"Cellular Fields” is a study on the continuous flow of life from that which is lived-in versus that which is documented. The ubiquity of documenting our lives with digital technology, which has increasingly become centralized to our personal cell phones, manifests in the uninhibited press of the record button. It is a direct result of digital storage becoming cheaper and the writing of data faster that enables us to capture moments of our lives that have even the slightest emotional significance. The immediacy of taking photos and videos has made it is easier to record moments of our lives unintentionally by the accidental touch to our cel phones’  active touch screens. As a result, it has become more troublesome to delete the unwanted images from those that are worth saving. 
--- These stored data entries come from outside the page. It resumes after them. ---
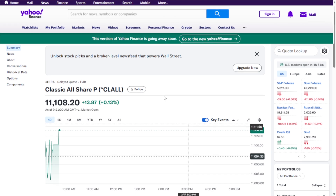However, keep in mind that Yahoo Finance has announced that this version will be removed soon. So if you prefer the classic layout, enjoy it while it's still available.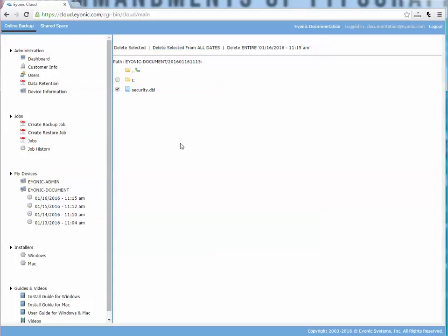I could also just delete a specific backup date. Say this oldest backup date, maybe my retention is a little long and I have too many files. I could click on this backup date and say delete entire, and what that's going to do is any file or folder that got backed up that date is going to get deleted.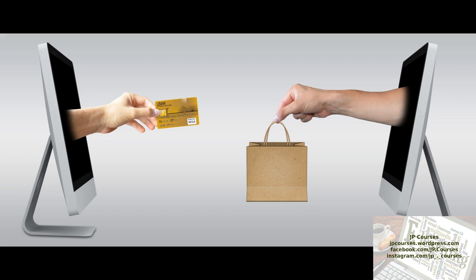This course will show you how to go from no e-commerce store, just the idea of an online store, to a completely functional online store that's ready to start making sales.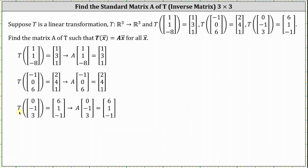And then finally, if the transformation of the vector (0, -1, 3) equals the vector (6, 1, -1), then again the same matrix A times the vector (0, -1, 3) must equal the vector (6, 1, -1).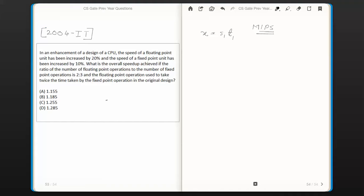So X equals S1 into T1. With the enhanced design, let's say the time taken is T2 and the enhanced speed is S2, so the same X instructions can be executed as S2 into T2. Since these two values are equal, we can equate them: S1 × T1 = S2 × T2. The new speed is 20% more than the earlier speed for floating point operations.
Superfluous images captured between these meaningful moments is the subject matter that I am exploring through a series of silkscreen prints. More specifically, I utilize a printing process traditionally used in paper based media such as magazine publications, posters, and full color images found in newspapers. The image is separated into four basic colors, Cyan, Magenta, Yellow, and “Key” or Black, more commonly known as CMYK, and printed in layers of varying densities to produce a full, continuous color image. 

With this printing project I applied the laborious process of CMYK color separation towards valueless, blurry cel phone images and, in essence, attempted to “reproduce” these images in print. However, because of the indecipherability of these “accidental” digital images, accurate print reproduction becomes futile. I deliberately used this dilemma to start studying color interactions using transparency, alignment, layer order and dot angles. 

Finding value in the refuse and residue of daily living is an ongoing interest in my work, and it is with this project that I have begun my approach into looking at digital dregs and debris.